Sarah (Framingham, MA)
@Bruce Rozenblit I hear the sincerity and earnestness in your comment. It might be helpful to you to do some research on (ie, Google) the problem of demographically-dominant voices centering themselves when marginalized people attempt to discuss their marginalization. Simply put, you feeling scared to ask women out is not and should not be the focus here. What you're basically saying, in classically "nice" and polite terms, is: shut up or no one's going to date you. Be quiet or we "nice guys" will take our ball(s) and go home and you'll be stuck with the predators and then whose fault will it be? If women expressing our angry, rage, and righteous fury scares you, I suggest staying away from places where we're expressing that, rather than implying that we should stay silent.
Scott Spencer (Portland)
Revenge can come with a vote. I would hope every angry women votes in November and again in November 2020. Ms Ford biggest contribution might be getting women (and the men who are equally appalled) to vote and shift the balance of power in Washington.
Charly (Salt Lake City)
Was lucky enough to see phenomenal performances of "Merchant" and "Othello" this summer. Emilia's monologue came to mind, speaking of Shakespearean women and revenge: But I do think it is their husbands' faults If wives do fall: say that they slack their duties, And pour our treasures into foreign laps, Or else break out in peevish jealousies, Throwing restraint upon us; or say they strike us, Or scant our former having in despite; Why, we have galls, and though we have some grace, Yet have we some revenge. Let husbands know Their wives have sense like them. They see and smell And have their palates both for sweet and sour, As husbands have. What is it that they do When they change us for others? Is it sport? I think it is. And doth affection breed it? I think it doth. Is ’t frailty that thus errs? It is so too. And have not we affections, Desires for sport, and frailty, as men have? Then let them use us well, else let them know, The ills we do, their ills instruct us so.
Rea Tarr (Malone, NY)
@Charly Written by the man who wrote "The Taming of the Shrew." And, did you understand the lines here, "Then let them use us well, else let them know, The ills we do, their ills instruct us so." Men on top, women on bottom. Per Shakespeare.
vbering (Pullman WA)
No court in this or any other country would convict Kavanaugh. Evidence, not emotion. Didn't we learn this in the Enlightenment a couple hundred years ago?
DW (Philly)
@vbering Yup. But there's no court here, no trial and no criminal proceeding, and no one's trying to convict him of anything. Try to follow.

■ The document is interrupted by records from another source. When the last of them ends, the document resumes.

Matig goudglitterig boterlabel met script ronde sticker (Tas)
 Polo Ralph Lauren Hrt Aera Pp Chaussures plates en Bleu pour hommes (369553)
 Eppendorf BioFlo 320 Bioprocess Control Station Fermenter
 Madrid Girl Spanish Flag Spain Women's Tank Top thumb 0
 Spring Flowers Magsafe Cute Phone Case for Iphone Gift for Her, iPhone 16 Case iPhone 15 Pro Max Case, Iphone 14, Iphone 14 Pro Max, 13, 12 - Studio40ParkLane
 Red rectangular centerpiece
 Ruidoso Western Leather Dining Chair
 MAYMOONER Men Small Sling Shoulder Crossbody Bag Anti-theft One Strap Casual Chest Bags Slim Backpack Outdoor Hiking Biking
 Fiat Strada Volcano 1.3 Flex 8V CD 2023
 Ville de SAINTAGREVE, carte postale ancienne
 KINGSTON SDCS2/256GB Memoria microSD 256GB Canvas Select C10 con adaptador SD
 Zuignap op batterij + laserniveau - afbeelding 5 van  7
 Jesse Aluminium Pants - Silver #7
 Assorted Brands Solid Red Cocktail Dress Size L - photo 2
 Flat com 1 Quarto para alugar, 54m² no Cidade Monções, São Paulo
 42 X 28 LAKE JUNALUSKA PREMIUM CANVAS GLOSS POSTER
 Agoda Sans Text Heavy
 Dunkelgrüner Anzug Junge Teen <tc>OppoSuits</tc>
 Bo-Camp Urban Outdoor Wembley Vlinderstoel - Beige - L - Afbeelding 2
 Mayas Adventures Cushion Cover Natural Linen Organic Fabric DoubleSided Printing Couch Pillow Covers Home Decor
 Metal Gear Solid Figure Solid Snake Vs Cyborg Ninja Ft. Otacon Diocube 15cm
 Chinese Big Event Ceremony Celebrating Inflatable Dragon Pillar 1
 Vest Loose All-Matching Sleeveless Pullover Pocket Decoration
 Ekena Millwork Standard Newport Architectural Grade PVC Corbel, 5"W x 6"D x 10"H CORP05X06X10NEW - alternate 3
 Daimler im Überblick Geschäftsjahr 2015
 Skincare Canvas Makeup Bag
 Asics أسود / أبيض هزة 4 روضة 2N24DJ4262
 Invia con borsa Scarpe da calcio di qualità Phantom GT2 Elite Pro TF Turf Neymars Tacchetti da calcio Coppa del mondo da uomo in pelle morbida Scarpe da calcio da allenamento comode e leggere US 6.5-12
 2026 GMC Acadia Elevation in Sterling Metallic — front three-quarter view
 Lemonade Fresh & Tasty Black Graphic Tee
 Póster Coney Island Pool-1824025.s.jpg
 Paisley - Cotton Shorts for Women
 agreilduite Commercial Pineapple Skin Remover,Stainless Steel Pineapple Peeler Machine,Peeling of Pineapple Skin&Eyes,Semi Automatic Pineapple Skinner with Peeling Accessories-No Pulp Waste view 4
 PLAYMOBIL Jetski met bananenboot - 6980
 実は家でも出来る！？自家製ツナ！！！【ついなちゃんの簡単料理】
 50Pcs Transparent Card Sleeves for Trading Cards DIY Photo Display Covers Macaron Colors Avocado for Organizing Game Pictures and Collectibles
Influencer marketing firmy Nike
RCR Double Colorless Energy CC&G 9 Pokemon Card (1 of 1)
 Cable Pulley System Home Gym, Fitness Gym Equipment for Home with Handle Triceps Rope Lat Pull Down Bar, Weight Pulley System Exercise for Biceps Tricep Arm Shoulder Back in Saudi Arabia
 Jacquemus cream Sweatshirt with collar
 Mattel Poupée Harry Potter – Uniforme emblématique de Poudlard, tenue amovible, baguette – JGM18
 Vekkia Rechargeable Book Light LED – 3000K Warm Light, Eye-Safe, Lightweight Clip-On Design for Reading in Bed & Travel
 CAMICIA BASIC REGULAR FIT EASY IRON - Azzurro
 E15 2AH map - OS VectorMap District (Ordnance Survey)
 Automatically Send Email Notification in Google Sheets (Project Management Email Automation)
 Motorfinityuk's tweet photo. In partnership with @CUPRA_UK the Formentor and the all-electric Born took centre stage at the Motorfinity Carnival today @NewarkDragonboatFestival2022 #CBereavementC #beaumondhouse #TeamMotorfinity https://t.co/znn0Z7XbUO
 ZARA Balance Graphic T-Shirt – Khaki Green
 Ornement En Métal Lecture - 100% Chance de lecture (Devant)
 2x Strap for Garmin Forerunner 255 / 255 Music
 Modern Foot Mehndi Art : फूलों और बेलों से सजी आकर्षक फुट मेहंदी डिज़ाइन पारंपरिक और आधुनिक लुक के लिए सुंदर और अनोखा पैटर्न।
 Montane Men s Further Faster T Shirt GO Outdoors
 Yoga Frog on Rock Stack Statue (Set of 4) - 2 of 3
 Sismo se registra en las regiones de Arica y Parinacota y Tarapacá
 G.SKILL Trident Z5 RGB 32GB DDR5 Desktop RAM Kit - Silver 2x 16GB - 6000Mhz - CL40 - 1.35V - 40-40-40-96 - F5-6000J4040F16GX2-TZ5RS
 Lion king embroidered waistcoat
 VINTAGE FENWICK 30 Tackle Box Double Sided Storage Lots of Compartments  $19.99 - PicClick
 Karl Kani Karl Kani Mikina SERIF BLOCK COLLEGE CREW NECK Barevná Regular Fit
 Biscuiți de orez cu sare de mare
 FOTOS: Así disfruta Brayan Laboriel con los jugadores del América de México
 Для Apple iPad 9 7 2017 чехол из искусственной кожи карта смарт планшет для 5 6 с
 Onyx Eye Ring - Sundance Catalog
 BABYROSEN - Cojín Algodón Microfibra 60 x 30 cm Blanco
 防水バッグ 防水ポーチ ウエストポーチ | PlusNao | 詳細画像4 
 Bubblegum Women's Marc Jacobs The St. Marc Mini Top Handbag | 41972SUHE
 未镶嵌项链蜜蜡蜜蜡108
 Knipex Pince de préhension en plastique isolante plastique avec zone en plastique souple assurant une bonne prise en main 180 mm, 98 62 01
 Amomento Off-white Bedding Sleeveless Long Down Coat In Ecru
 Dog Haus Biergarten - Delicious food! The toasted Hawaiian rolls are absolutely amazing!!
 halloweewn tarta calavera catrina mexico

Rachel Kreier (Port Jefferson, NY)
@vbering The standard for finding him unfit for a seat on the Supreme Court is not the same as the standard for convicting him and sending him to jail. But I wholeheartedly support a thorough investigation by disinterested law enforcement experts. I want to know the truth. Do you?
suzaries (FL)
@vbering He is not on trial for this. The standard he is being held to is not beyond a reasonable doubt. This goes to his character and suitability for office which appears to be lacking as he has already lied under oath. He also obviously knew this information about the attack was going to come out (65 women conveniently lined up, women behind him at the hearings, his buddy searching the accuser's name before he could get the name publicly). Kavanaugh knew what he did. Had this come out in the 90s, its likely he would not have met the qualifications of character and fitness for the bar. Now people want to put him on the highest court in the country? Also, the Enlightenment was about reason, science, religious tolerance, freedom, pursuit of happiness etc. Liberal ideas for the times.
Longestaffe (Pickering)
I look at the generation of the men who stand for the patriarchy in this case, and I look at their politics, and I think: We're witnessing their Twilight of the Gods. There's no guarantee that it's so, but it's at least a reasonable hope that generational and political change will soon tip such men and their barbaric assumptions into the abyss.
LR (TX)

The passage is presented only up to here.